My random thoughts about software engineering

An aspiring software craftsman journey, By Mahmoud Ben Hassine

New Year New Blog!

First things first, I wish you a happy new Year 2015! May this year be full of success, happiness and good health for all of us :smile:

One of my resolutions for this year was to move my blog from WordPress to another static blog generator which would be free, hackable and easy to use. Why moving from WordPress? Well, mainly for three reasons:

  • The service is free but custom domain costs 22$/year
  • Free accounts are really limited in terms of look and feel customizations and custom themes are relatively expensive (the beautiful ones are about 60$)
  • The third point that is that there are advertisements appearing on your blog! And this is really annoying, you see..

So why should I pay WordPress if I can use an alternative service with similar features (if not with more features) for free?!

In this post, I would like to share with you my experience of moving my blog from WordPress to a completely free, beautiful and powerful alternative.

The static blog generator

I was impressed by the number of static blog generators out there after checking https://staticsitegenerators.net/.

After several prototypes, I have decided to use jekyll. I have already used jekyll to generate static documentation and websites for frameworks I have developed (namely Easy Batch and Easy Rules), but I’ve never used it to generate a blog.

Since I have already successfully used to the tool, my choice has been quickly made. The most interesting point is that GitHub pages are powered by Jekyll, and since GitHub is providing free hosting service, my choice has been reinforced!

Which theme?

To be honest, I am not the guy with high skills in web design :smile: So when it comes to web design, I tend to use a pre built theme from Twitter Bootstrap. There are hundreds of web design frameworks out there, but I was always happy with bootstrap so I didn’t changed my habit.

Combined with Font Awesome, you can have a really nice looking UI in no time.
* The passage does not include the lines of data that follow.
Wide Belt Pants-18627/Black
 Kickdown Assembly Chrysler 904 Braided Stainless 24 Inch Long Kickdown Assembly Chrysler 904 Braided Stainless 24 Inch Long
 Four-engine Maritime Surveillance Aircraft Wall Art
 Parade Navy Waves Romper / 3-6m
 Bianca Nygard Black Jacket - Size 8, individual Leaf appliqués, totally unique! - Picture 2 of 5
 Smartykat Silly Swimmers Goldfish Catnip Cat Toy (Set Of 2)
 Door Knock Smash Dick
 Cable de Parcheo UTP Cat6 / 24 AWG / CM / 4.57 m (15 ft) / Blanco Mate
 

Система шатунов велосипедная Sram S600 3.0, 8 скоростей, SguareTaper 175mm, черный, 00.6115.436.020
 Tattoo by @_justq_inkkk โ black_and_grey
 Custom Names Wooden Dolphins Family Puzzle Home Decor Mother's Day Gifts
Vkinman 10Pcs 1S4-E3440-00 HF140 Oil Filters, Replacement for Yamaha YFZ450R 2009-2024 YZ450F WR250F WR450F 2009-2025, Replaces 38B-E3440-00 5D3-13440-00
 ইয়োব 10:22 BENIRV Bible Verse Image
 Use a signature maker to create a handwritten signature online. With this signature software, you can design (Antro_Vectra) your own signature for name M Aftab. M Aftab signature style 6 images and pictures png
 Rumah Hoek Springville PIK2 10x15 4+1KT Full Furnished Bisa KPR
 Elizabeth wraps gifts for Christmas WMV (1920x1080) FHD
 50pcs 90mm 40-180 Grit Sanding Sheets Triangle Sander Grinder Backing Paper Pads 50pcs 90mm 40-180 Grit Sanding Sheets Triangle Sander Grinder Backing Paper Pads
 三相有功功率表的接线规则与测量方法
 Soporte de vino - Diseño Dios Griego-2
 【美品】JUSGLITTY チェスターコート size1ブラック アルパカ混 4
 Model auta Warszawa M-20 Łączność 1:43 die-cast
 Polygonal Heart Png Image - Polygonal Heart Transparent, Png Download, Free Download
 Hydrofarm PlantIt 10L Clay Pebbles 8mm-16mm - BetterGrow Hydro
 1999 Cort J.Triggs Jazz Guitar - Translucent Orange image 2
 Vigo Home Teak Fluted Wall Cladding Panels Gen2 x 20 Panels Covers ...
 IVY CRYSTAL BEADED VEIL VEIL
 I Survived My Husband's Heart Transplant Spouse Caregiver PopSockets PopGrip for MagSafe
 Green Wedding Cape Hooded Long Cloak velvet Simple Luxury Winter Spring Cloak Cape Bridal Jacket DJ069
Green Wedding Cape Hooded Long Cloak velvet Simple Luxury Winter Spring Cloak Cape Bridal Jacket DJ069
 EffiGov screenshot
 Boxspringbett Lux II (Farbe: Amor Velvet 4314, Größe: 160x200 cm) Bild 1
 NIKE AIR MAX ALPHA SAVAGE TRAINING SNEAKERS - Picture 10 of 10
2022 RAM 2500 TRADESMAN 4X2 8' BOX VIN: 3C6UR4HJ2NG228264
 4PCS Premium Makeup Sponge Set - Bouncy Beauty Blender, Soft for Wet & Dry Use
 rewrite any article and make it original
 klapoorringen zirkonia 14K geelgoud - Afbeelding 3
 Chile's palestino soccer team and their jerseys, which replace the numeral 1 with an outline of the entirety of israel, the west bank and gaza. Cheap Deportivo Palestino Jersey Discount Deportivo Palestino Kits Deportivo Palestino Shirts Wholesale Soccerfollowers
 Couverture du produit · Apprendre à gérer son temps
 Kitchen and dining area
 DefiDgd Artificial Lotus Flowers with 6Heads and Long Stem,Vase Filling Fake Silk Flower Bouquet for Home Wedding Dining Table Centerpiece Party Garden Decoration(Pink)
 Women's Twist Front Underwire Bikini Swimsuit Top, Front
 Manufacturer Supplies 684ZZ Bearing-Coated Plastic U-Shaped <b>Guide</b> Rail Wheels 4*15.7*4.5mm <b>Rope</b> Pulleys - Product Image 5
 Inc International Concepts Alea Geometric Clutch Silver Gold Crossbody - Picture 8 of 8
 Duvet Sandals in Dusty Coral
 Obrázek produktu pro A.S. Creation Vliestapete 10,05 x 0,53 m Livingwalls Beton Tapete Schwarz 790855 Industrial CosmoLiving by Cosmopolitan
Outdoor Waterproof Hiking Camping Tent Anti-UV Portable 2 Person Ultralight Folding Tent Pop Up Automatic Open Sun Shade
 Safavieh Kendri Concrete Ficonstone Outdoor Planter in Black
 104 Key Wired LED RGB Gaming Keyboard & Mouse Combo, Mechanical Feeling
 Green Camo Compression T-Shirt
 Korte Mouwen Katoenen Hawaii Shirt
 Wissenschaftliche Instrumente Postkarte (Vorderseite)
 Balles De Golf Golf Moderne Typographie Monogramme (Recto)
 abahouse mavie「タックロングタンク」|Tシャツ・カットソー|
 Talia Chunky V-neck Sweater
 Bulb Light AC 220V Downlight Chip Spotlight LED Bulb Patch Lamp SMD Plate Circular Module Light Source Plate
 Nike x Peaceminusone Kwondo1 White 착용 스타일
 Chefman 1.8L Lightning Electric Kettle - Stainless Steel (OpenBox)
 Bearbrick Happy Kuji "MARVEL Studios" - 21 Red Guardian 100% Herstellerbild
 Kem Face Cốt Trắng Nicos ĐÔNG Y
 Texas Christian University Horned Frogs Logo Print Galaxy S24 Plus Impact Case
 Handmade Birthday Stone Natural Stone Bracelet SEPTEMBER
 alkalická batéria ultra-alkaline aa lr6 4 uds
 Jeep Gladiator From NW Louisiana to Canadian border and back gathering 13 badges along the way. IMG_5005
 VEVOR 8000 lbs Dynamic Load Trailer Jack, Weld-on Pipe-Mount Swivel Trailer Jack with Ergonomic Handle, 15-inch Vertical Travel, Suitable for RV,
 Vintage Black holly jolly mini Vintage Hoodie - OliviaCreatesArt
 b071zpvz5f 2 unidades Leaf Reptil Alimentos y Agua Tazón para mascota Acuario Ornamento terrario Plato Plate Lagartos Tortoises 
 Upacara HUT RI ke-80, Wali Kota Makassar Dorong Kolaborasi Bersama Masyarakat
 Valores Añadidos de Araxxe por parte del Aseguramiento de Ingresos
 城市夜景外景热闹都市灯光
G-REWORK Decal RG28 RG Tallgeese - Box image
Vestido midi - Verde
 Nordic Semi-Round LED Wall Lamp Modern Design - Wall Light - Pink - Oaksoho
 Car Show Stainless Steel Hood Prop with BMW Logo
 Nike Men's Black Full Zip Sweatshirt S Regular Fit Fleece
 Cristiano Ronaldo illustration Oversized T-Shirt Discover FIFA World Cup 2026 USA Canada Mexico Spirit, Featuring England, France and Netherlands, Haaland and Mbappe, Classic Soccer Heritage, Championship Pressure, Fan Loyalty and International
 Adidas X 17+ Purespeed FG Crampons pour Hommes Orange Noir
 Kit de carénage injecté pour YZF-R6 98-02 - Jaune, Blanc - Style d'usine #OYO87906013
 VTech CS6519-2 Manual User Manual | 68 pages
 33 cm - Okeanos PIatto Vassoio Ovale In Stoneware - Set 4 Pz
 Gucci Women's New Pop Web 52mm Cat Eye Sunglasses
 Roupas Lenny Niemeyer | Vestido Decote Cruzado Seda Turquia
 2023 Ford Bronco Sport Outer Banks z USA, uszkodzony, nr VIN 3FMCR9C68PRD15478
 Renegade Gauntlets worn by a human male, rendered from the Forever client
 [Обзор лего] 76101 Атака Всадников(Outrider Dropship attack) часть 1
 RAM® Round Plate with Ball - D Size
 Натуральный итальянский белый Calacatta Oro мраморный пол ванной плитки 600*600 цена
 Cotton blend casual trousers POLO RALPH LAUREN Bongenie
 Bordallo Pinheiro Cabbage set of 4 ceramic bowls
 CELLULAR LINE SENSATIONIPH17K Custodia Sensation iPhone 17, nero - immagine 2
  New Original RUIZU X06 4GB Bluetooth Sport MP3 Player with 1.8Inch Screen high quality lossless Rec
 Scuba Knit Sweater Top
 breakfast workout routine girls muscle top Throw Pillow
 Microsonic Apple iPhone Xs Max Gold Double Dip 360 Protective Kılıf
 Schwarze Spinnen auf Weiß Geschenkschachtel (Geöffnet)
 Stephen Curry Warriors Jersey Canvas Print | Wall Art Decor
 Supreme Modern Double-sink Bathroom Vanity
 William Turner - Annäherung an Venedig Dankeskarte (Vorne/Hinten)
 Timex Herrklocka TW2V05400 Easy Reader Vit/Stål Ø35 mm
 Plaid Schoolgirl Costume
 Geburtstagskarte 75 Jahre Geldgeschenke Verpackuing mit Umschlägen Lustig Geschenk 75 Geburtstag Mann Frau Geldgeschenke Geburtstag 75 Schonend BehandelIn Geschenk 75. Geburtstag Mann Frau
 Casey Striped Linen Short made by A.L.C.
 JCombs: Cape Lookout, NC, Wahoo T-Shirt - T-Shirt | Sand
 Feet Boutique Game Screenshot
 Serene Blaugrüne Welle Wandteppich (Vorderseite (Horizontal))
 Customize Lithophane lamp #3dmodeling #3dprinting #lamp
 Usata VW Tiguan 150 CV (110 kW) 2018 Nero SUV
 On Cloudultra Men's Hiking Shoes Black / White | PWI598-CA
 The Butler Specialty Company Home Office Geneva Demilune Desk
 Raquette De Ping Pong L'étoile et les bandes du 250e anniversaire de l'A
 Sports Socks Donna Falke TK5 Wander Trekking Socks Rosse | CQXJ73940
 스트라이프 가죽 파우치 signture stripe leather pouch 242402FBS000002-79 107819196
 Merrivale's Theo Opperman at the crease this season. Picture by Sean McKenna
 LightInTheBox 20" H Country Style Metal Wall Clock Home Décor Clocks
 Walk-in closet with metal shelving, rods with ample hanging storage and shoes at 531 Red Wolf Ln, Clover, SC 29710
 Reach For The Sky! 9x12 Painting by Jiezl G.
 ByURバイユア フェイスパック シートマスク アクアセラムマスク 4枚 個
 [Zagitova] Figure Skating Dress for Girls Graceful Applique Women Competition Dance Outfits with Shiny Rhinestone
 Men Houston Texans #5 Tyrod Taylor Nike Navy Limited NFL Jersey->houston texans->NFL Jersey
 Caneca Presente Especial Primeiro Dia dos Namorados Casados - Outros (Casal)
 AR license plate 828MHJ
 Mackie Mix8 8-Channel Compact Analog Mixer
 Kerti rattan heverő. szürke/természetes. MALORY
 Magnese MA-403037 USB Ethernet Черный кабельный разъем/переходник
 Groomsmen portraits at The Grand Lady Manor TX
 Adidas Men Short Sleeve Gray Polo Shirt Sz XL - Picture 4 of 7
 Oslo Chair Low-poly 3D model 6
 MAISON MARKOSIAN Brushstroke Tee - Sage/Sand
I have used the blog example from Twitter Bootstrap and introduced some customizations. Here, unlike using WordPress, I have total control over HTML, CSS and JS.

What about syntax highlighting?

Jekyll comes with built-in support for syntax highlighting trough Pygments and Rouge. So syntax highlighting is just for free. I chose Pygments since it provides more themes.

Another important point about embedding code snippets it that jekyll integrates very well with GitHub gists. You simply have to add a line with the gist’s id and you’re done.

What about comments?

Disqus, of course. One of the most used social discussion thread manager out there, for free!

Integrating discuss was very easy. Just create a discussion for your site and copy/paste the provided Javascript snippet to your page.

The steps to follow are detailed here, it couldn’t be easier, really.

What about analytics?

Google analytics to the rescue, it’s free and simply awesome. Personally, it covers all of my needs in terms of stats so I did not looked around for another analytics service.

What about migration process?

There are tools provided by Jekyll to import blog data from WordPress. In my case, I preferred the manual solution since I didn’t have huge content to migrate.